Hem eğleneceğiz hem birlikte üreteceğiz
Kampımızda 19 Mart sürecinden sonra kazanımlarımızın daha ileriden olması ve gençliğin kendi sözünü söyleyecek alanları üretebilmesi için yan yana gelecek ve tıpkı 98 gençliği gibi birlikte üreteceğiz. Geçen yıl kampın üniversite forumunun bir çıktısı olarak tespit ettiğimiz ÖTK’ler birçok üniversitede örgütlenmeye çalışılmış kimisinde başarıyla sonuçlanmıştı. Hacettepe açısından19 Mart süreci bizlere bu ihtiyacın ne kadar elzem olduğunu da göstermiş oldu.
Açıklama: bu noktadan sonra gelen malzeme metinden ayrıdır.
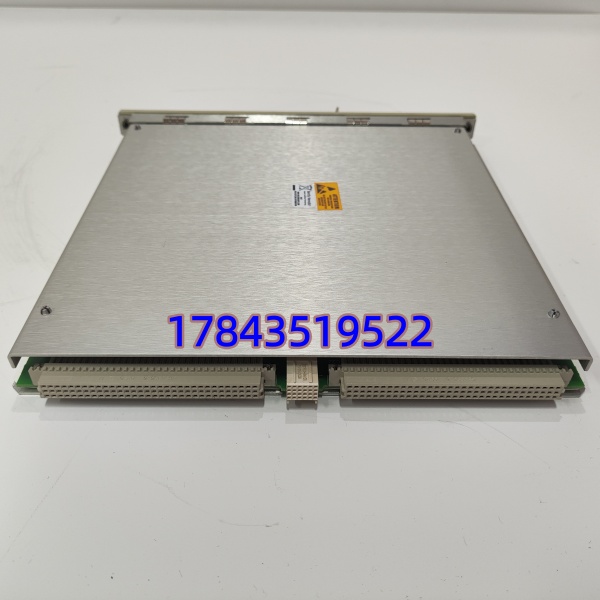 Bently Nevada 3500-22M 138607-01 | 3500 系列 Enhanced TDI 模块 含 USB/双Eth Modbus - 图片 3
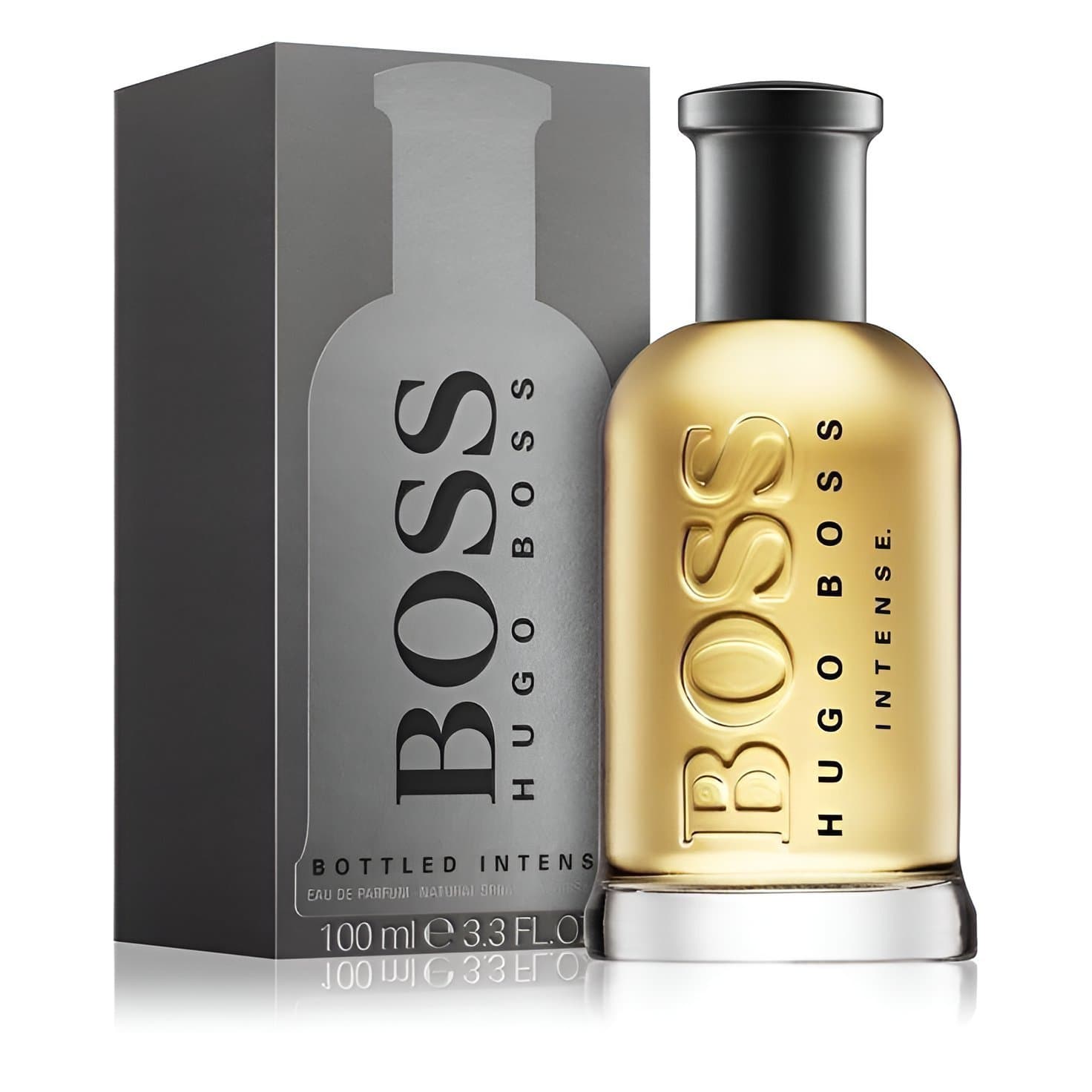 Hugo Boss-Bottled Intense-100ml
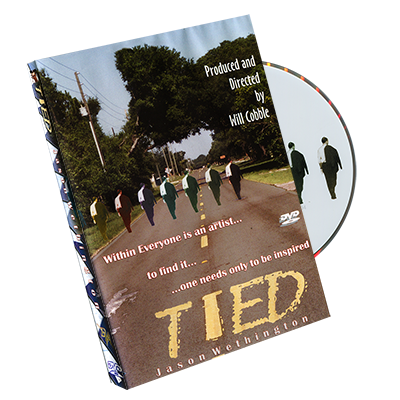 (image for) Tied Jason Wethington and Will Cobble, DVD - Click Image to Close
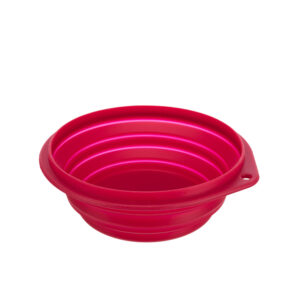 CIOTOLA DA VIAGGIO SILICONE 1 LT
Bir yandan denize girip konserlerde eğlenirken diğer yandan kampın her bir köşesinden farklı sorunlara çözüm arayan sesleri beraber üretecek, okul sıralarımıza döndüğümüzde ihtiyacımız olan rotayı beraber çizeceğiz. Birbirimizden ne kadar farklı olsak da yan yana geldiğimizde ne kadar değiştirici bir güce sahip olduğumuzu bir kez daha görecek, kampın bize kazandırdığı bu bilinçle hayatımıza devam edeceğiz. Bugün önümüzde çadırının, yemeğinin, kantininin biz gittiğimizde hazır olduğu bir kampı maddi olarak örgütlemek için belki olanaklarımız kısıtlı ancak kampımızın sponsorsuz olması ve gençliğin örgütlenme deneyimleriyle kampımızın örgütlenmesi bizleri kamp alanında bağımsız kılan şeyin ta kendisi. Bu satırları okuyan her bir arkadaşım bu kampın hem katılımcısı hem de örgütleyicisi olmalıdır ki kamp ateşimiz daha çok genişlesin, dayanışmamız o kadar büyüsün. Kampta görüşmek dileğiyle.